PITCAIRN CANARY! This expression is in fact an approximation of a real expression — now forgotten — that S.J. Perelman coined fifty or sixty years ago in one of his many amusing New Yorker pieces. The issue in which I saw this particular piece, along with the phrase in question, would not have been a current issue at the time I read it, or even a newish one. It would have been just recent enough that I might have come across it in my piano teacher’s waiting room, where perhaps two decades’ worth of the venerable magazine were scattered about, along with innumerable National Geographics. (I was always early for my lesson, in order to have plenty of time — while the beautiful girl with orthopedic shoes two-fisted her Études ahead of me — to scan for bare Tongan breasts and Charles Saxon cartoons of lecherous Wall Street types.)
Perelman’s was the only grown-up prose I liked back then.
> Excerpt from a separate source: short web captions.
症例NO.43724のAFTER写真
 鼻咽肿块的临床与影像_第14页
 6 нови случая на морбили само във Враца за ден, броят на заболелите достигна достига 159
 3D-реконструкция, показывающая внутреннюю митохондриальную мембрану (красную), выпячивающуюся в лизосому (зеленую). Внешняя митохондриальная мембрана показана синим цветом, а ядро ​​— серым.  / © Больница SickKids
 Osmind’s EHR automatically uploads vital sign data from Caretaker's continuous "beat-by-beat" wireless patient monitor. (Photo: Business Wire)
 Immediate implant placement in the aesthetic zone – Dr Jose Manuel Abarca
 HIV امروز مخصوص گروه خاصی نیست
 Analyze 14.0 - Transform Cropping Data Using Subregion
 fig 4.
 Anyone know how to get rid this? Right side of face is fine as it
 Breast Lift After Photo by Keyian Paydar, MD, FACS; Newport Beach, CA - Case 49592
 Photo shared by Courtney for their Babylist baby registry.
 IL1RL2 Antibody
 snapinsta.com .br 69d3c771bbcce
His name was the one name — posted at the end of the article in those days — I would routinely have looked for. (Sometimes the baseball guy, too, although I never understood how he could know what was going on in the head of whomever, Yaz or Tom Terrific; I was pretty sure he was making that stuff up.) Whatever Perelman’s actual phrase was, its insight must have impressed me deeply. The experience it connoted felt like something that I was going through constantly. And his deft choice of words, as memorable as they were forgettable, may well have resembled those of my made-up pastiche, with that internal rhyming and consonance, and that palindromic lilt (although I’m doubtful his was a palindrome). Perelman’s locution may even have included a species of bird, and possibly an island, too, the site of some famous mutiny. Who knows?
Anyway, that coinage — and my misremembered approximation, which I have used ever since, almost to the point of being able to claim part-credit — referred to the unsettling phenomenon of hearing an unusual or exotic word and noting its meaning, only to discover in subsequent hours or days that EVERYONE IN THE WORLD seems to know the word already and has been USING IT WITH GREAT FREQUENCY all along! Only you, YOU ALONE, have never heard this word before; only you are surprised by its convenient existence.
For verbal people, then, it’s a kind of waking lexical nightmare, equally upsetting as those dreams of arriving at your third grade classroom without noticing — until it is far too late — that you’ve neglected to bring not only your Humpbacked Whale report but your pants as well.
The Pitcairn Canary could, I suppose, additionally represent similar phenomena involving things other than unfamiliar words. For instance, the very experience that prompted me to write this little essay, this confession. Being about as well-read (that ludicrous Victorianism!) as it’s possible to be in our epoch of Mutually Assured Destruction, digital poker, and multiple filmed versions of Pride & Prejudice, I nevertheless find that a great, great writer — James Robison — has been churning out and publishing major and minor masterpieces right under my nose WITHOUT MY NOTICING!
Nor is this an example of collective ignorance. This is not like theweirdness of everyone in France conveniently forgetting a 1961 police massacre, those hundreds of Algerian corpses tossed into the Seine and floating for days afterward in full view of workaday Parisians. This is not like the case of Harold Shapinsky, the Abstract Expressionist painter who fell through the cracks and was later rediscovered by Professor Ramachander, eventually to be restored to long-overdue public consciousness by Lawrence Weschler.
No, this was MY SINGULAR IGNORANCE, revealed to me recently by Kurt Wilde (a great-great nephew of Oscar Wilde), who recommended to me Robison’s extraordinary 1988 novel The Illustrator. Yes, I am the one, I ALONE AM THE ONE WHO FUCKING BLEW IT.